Online used car seller Vroom debuted a virtual reality showroom that lets users explore the 15 makes and models available with the comfort of their own headset. The experience, created in partnership with Dallas agency 900lbs of Creative, allows users to get as close as possible, digitally speaking, to their next set of wheels via HTC Vive headsets. (The launch also coincides with a TV ad campaign featuring Rachel Dratch and John Leguizamo that launched in July.) The experience will be available first in pop-up locations in Phoenix along with Vroom's showrooms in Dallas and Houston.

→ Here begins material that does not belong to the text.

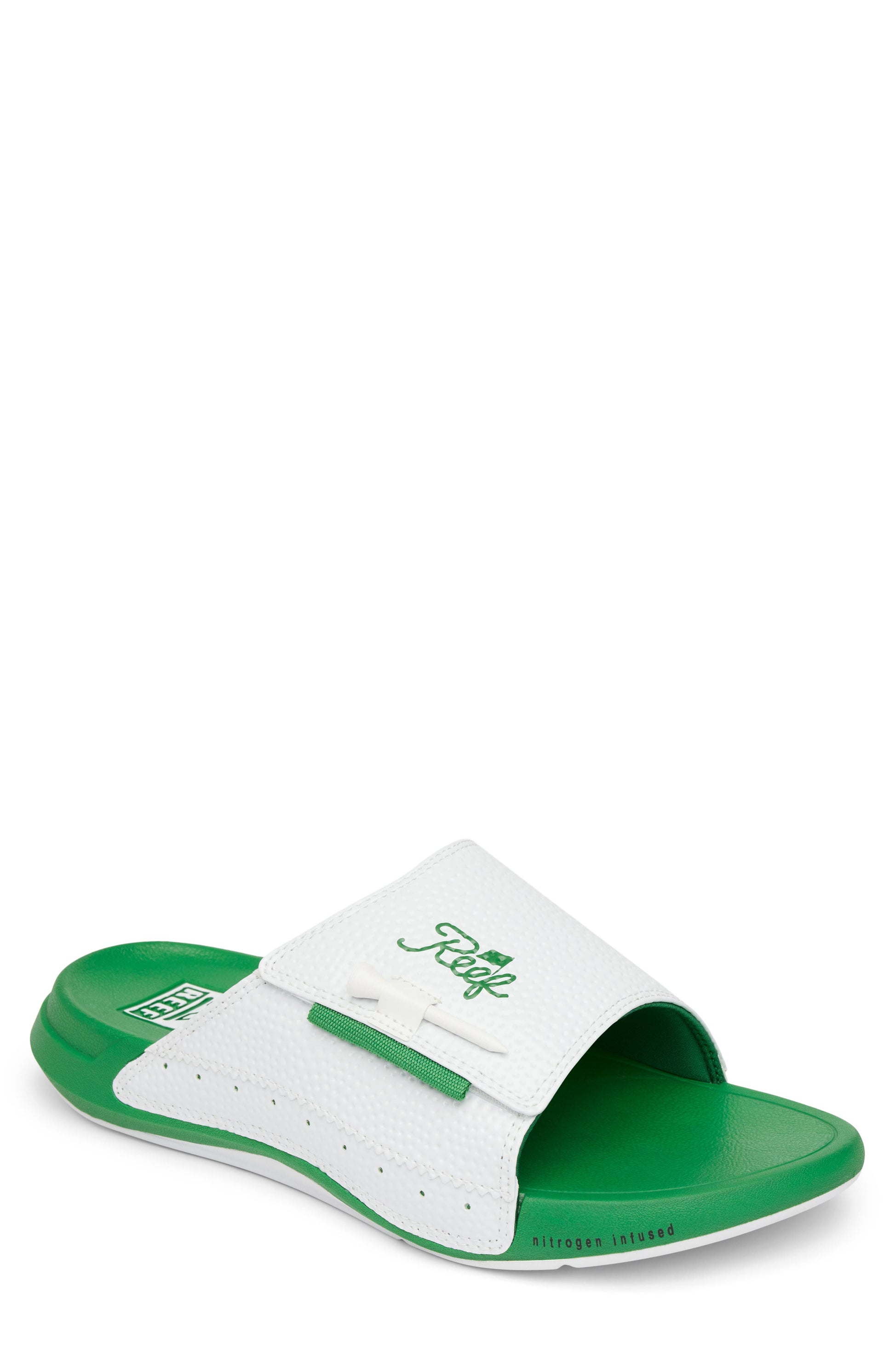 GREEN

According to Vroom's chief marketing officer, Gaurav Misra, the goal is to give consumers added insight to help them feel more confident when buying a high-ticket item online. That's not to say people aren't buying them from Vroom already: The company began a little more than two years ago and sells thousands of cars a month. Its total monthly revenue is around $100 million, Misra said, which puts the company on track to cross the $1 billion mark this year.
"So many pieces are so endemic of how car buying has been at so many elements that when you show the counter of that, there's a little bit of disbelief," Misra told Adweek. "And so we have to work harder at making people understand and explaining why this makes sense to us."
So how does this all work? During a virtual test drive in New York last month, Adweek explored the VR showroom before taking one of the cars for a spin. Picture a vast warehouse or garage—the kind you might find in "The Fast and the Furious"—filled with cars ranging from $25,000 to $60,000. By aiming the headset at various parts of the room, you can get closer to any given model or stare directly at a car to get more information about it. You can then also take a test drive to feel what it's like to ride in the car while cruising along with a 360-degree video of a street in Texas.
The cars are animated, which makes the experience more like a video game than an actual drive to work. It's also obviously impossible to feel what it's like to sit in the car, which could be a deal-breaker for more tactile buyers. However, there's already a second phase in development that makes the experience feel more like a real lot.
That's partially why Vroom offers buyers a free one-week trial, during which they can get a car delivered to their home to drive around for seven days and then return if they're not happy. Misra said the experience is meant to get consumers excited about the Vroom brand and the cars it sells. And while there's a long way to go, he said, it's a way of "putting our flag on the moon."
"The same way Apple has stores, we think it's a great way to get awareness and to get people familiar with the brand, and then hopefully, of course, that translates into an ROI," Misra said. "We want to develop it into a place. I don't know what that time is—six or 12 months—where people are actually transacting. They're searching for cars in this experience."